What the task asks
Write out the lines below exactly, beginning at the one with "18-Piece Dinnerware Set" and stopping after the one with "Daily usage for August 2024"; the pictures are not copied.

Supplied data
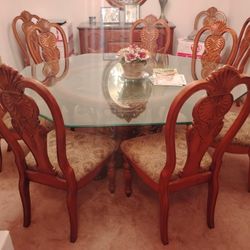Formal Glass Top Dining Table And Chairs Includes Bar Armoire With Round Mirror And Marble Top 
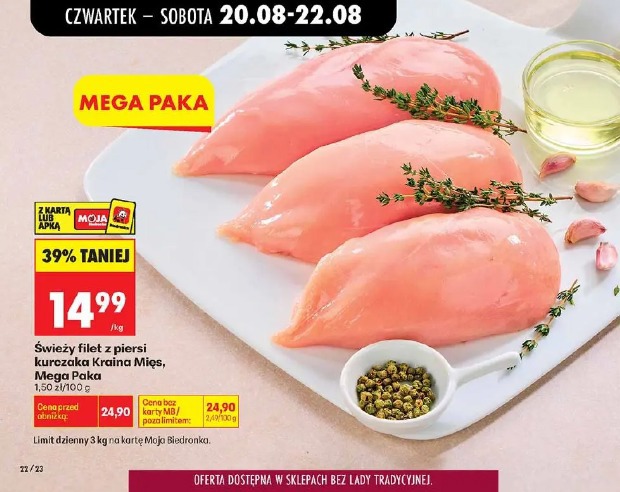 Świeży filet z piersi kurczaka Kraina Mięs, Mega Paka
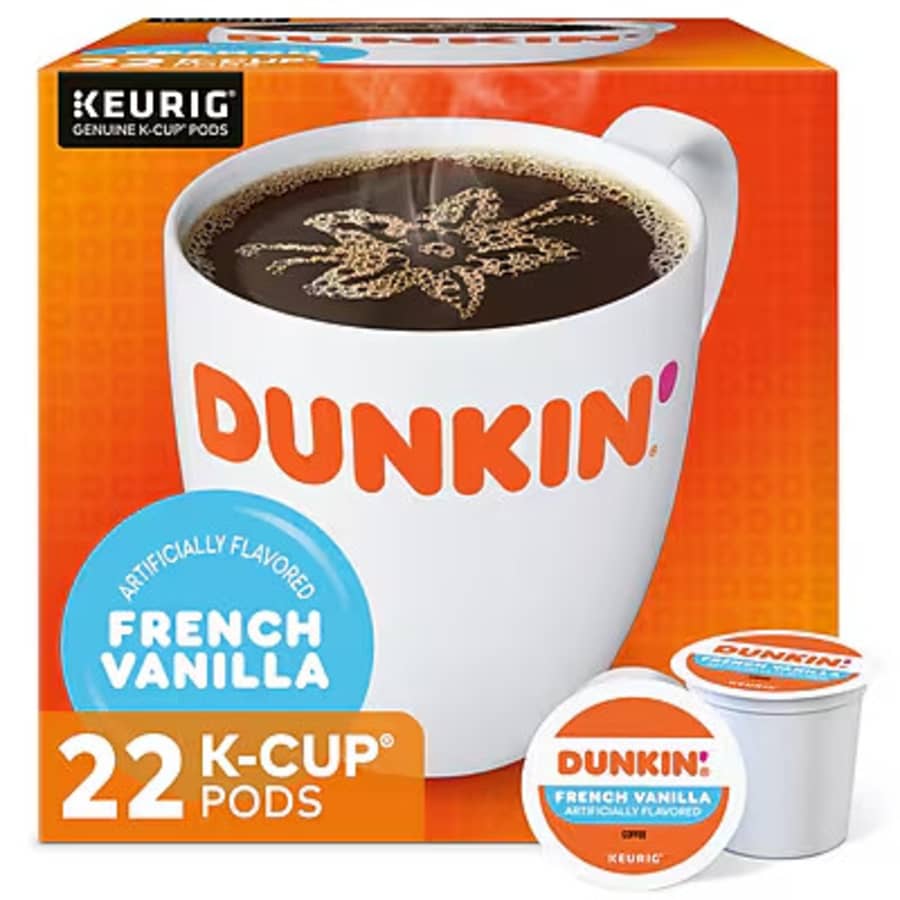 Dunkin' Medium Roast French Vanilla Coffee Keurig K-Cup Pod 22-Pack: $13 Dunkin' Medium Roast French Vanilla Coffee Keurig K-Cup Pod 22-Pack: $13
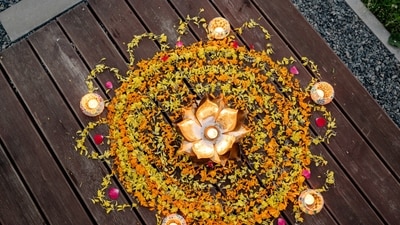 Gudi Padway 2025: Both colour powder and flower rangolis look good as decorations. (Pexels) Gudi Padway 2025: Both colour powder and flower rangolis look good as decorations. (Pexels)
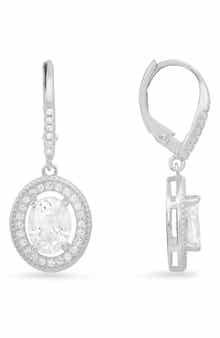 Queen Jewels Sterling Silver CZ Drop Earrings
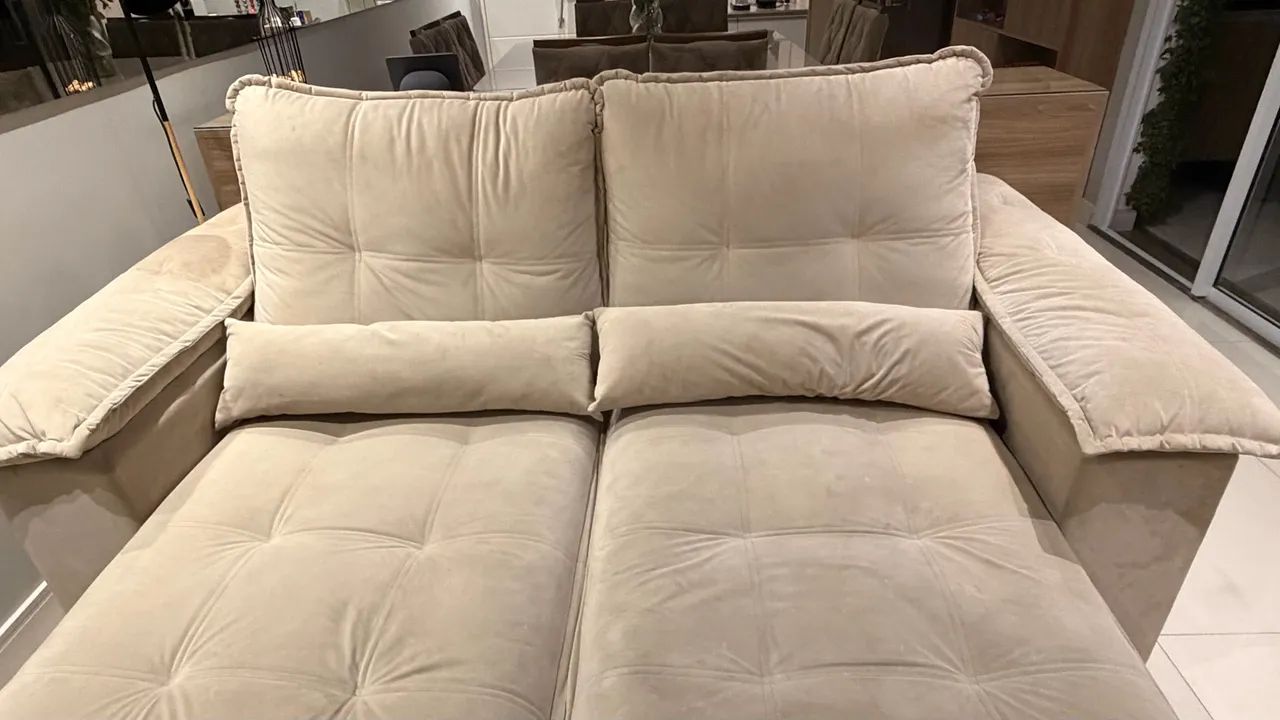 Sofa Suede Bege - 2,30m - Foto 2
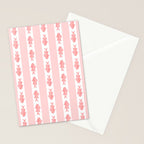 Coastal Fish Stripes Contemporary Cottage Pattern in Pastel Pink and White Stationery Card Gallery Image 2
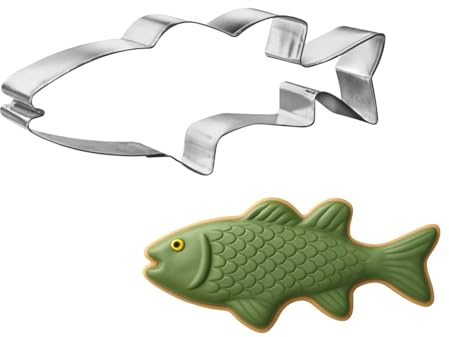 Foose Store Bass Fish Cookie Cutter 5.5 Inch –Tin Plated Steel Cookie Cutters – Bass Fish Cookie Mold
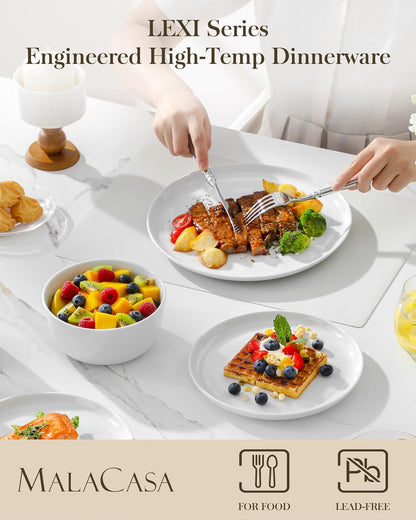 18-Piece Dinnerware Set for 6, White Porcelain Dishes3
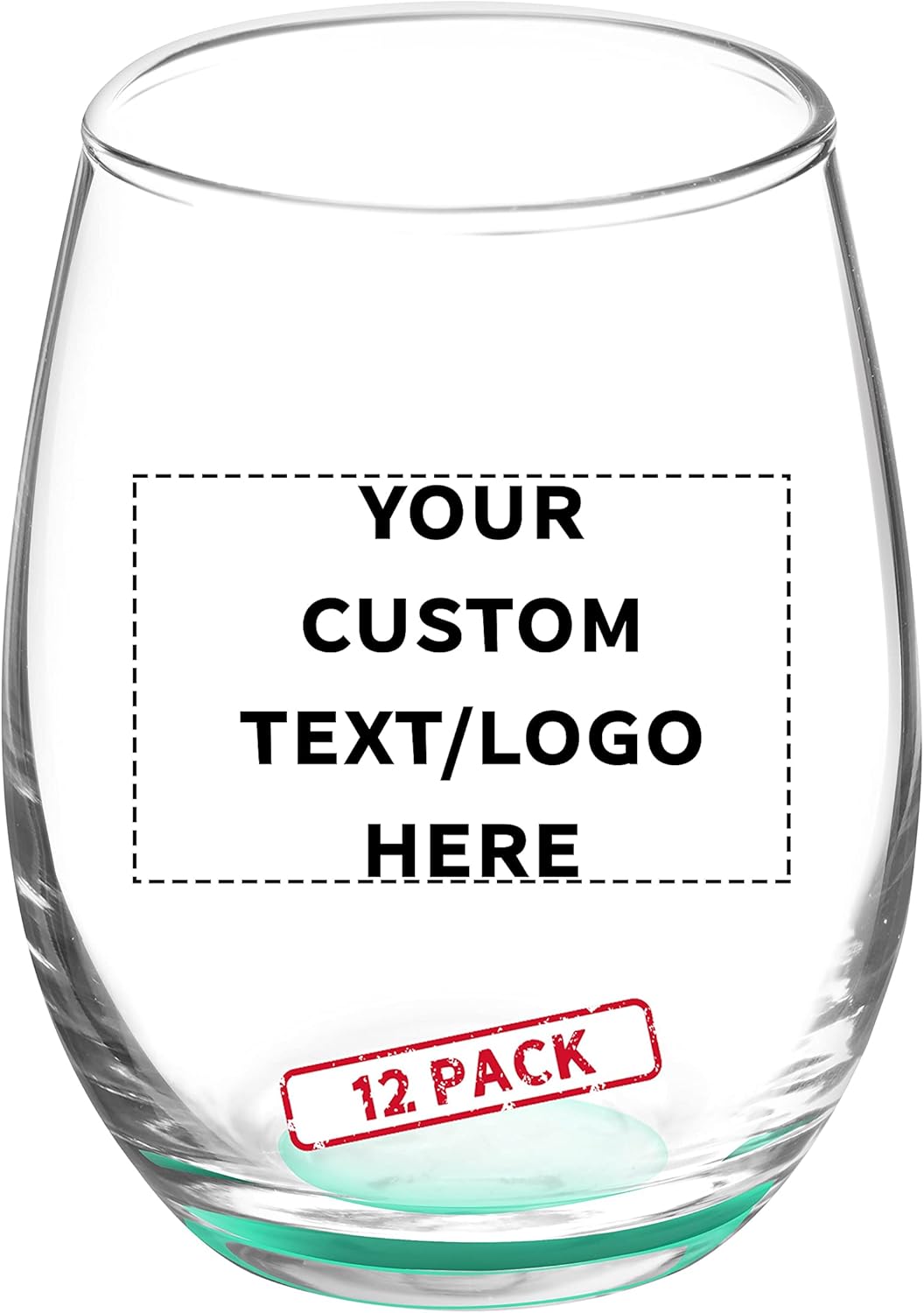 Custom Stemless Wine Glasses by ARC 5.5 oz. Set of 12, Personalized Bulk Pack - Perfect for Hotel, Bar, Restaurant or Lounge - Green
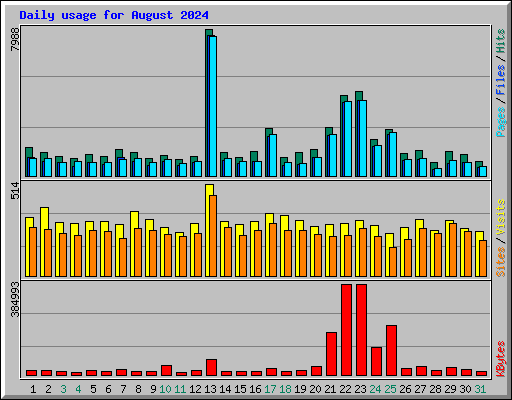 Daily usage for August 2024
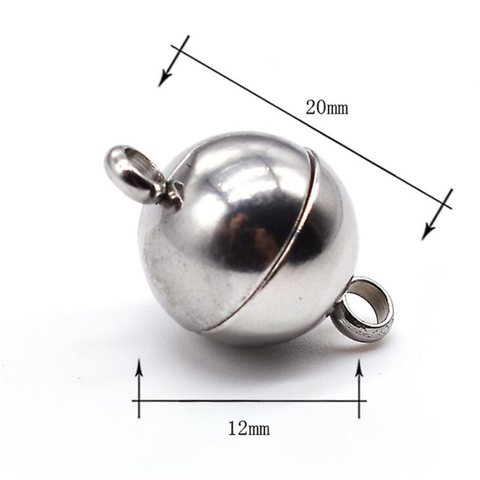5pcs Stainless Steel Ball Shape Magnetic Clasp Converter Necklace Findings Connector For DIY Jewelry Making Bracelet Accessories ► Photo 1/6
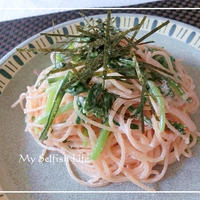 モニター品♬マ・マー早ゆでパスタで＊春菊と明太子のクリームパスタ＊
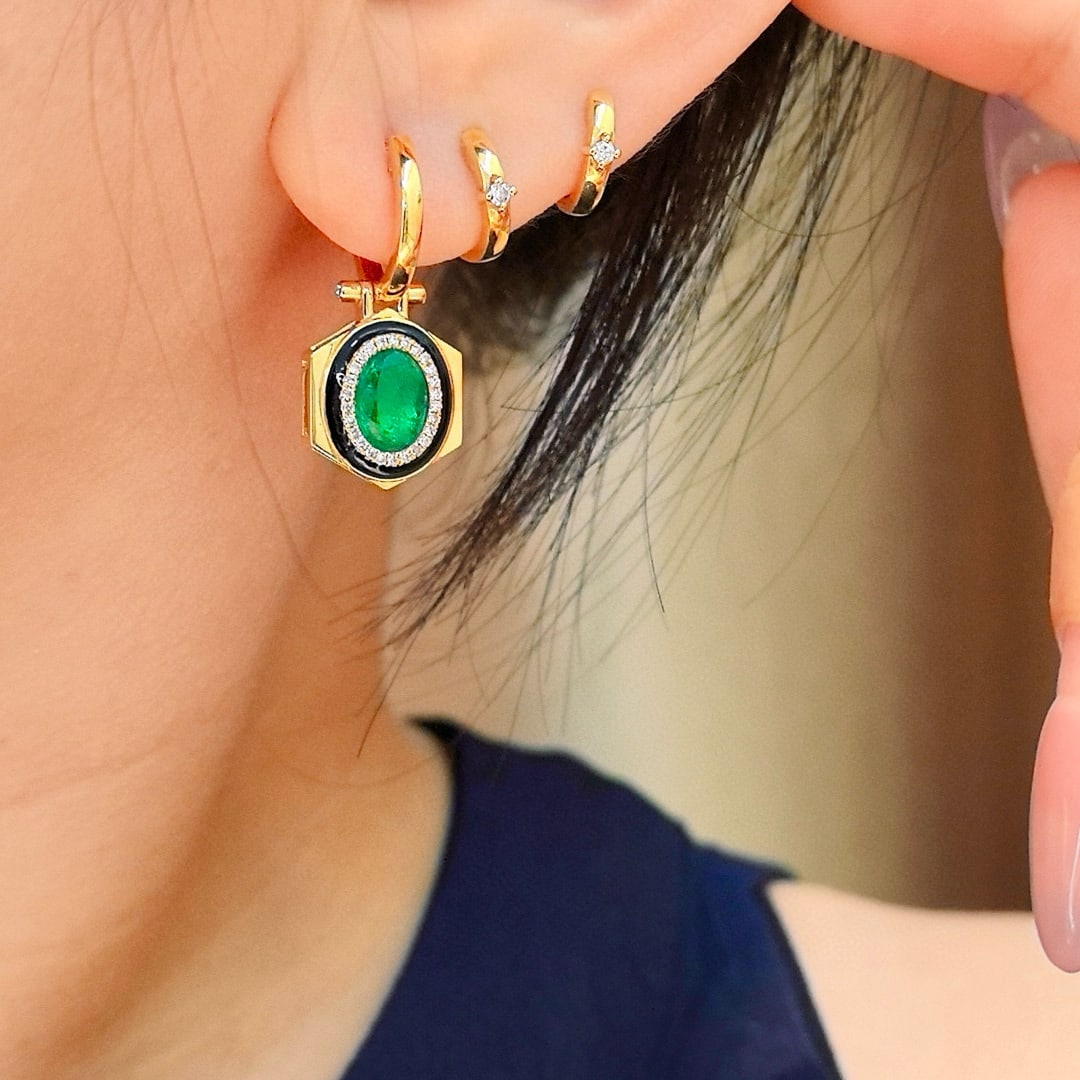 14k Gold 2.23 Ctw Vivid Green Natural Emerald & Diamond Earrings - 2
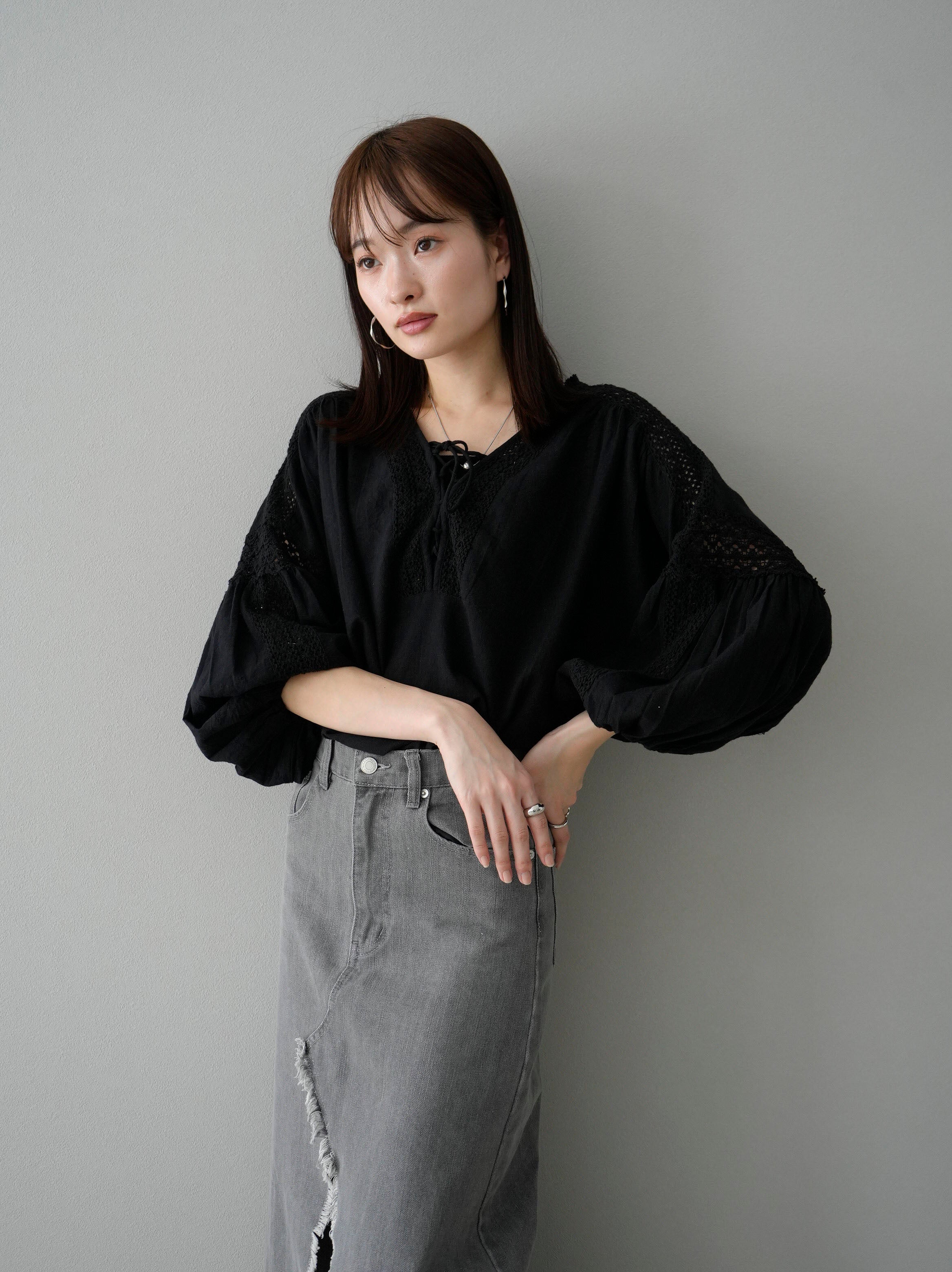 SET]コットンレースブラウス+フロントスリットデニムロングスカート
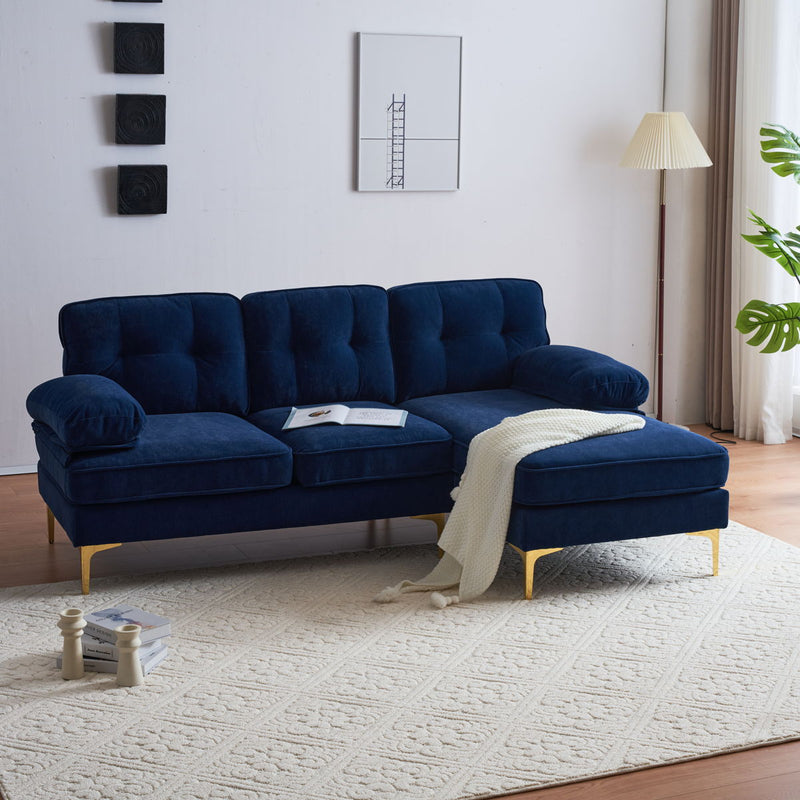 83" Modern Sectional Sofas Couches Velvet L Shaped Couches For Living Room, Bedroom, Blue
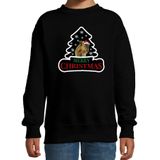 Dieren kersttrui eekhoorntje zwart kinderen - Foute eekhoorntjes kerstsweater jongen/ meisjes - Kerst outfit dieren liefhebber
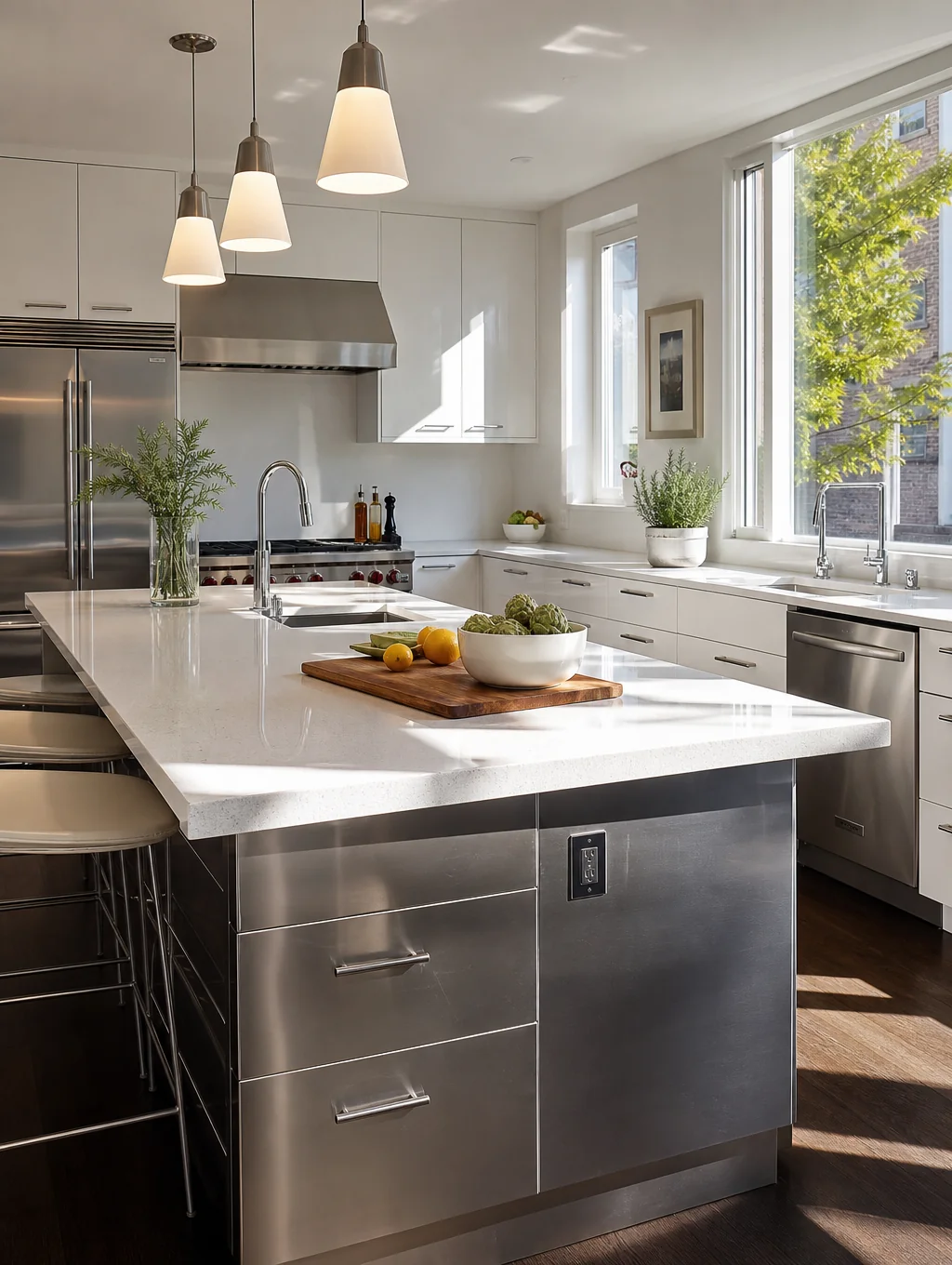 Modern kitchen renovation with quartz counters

Task output
 18-Piece Dinnerware Set for 6, White Porcelain Dishes3
 Custom Stemless Wine Glasses by ARC 5.5 oz. Set of 12, Personalized Bulk Pack - Perfect for Hotel, Bar, Restaurant or Lounge - Green
 Daily usage for August 2024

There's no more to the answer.